In summary, our study revealed that postoperative bloodstream infections in patients with PSM treated with CRS combined with HIPEC were predominantly associated with pathogens such as SCN, K. pneumoniae subsp. Pneumoniae, and C. albicans. The analysis of pathogen drug resistance in our study contributes both theoretical and practical insights to the prevention and treatment of postoperative infections in PSM. Furthermore, we identified age, prior tumor treatment, tumor tissue type, and CC score as independent risk factors for postoperative infections in PSM. This information could serve as a foundation for the classification and management of patients at a high risk of hospital bloodstream infections in clinical practice.

Abbreviations

CRS, cytoreductive surgery; HIPEC, hyperthermic intraperitoneal chemotherapy; PCI, Peritoneal cancer index; CC, Completeness of cytoreduction; PSM, Peritoneal Surface Malignancies.

Data Sharing Statement

The datasets used or analysed during the current study available from the corresponding author on reasonable request.

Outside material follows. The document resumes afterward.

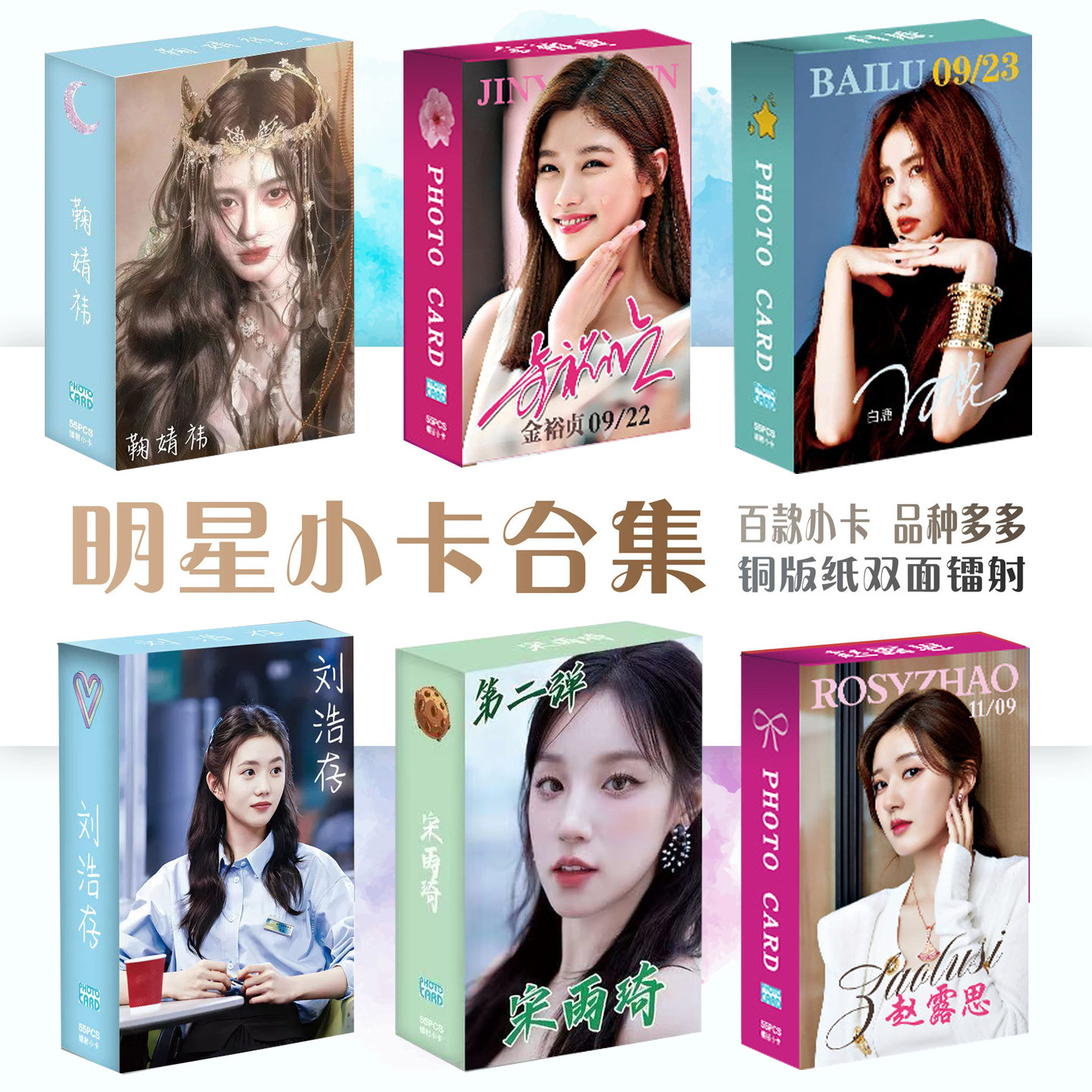 买3送一 明星小卡宋雨琦李柯以白鹿赵露思周深周边卡牌拍立得卡片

Ethics Approval and Consent to Participate

This study was conducted with approval from the Ethics Committee of Beijing Shijitan Hospital, Capital Medical University. This study was conducted in accordance with the declaration of Helsinki. Written informed consent was obtained from all participants.

Funding

There is no funding to report.

Disclosure

The authors declare that they have no conflict of interest regarding this work.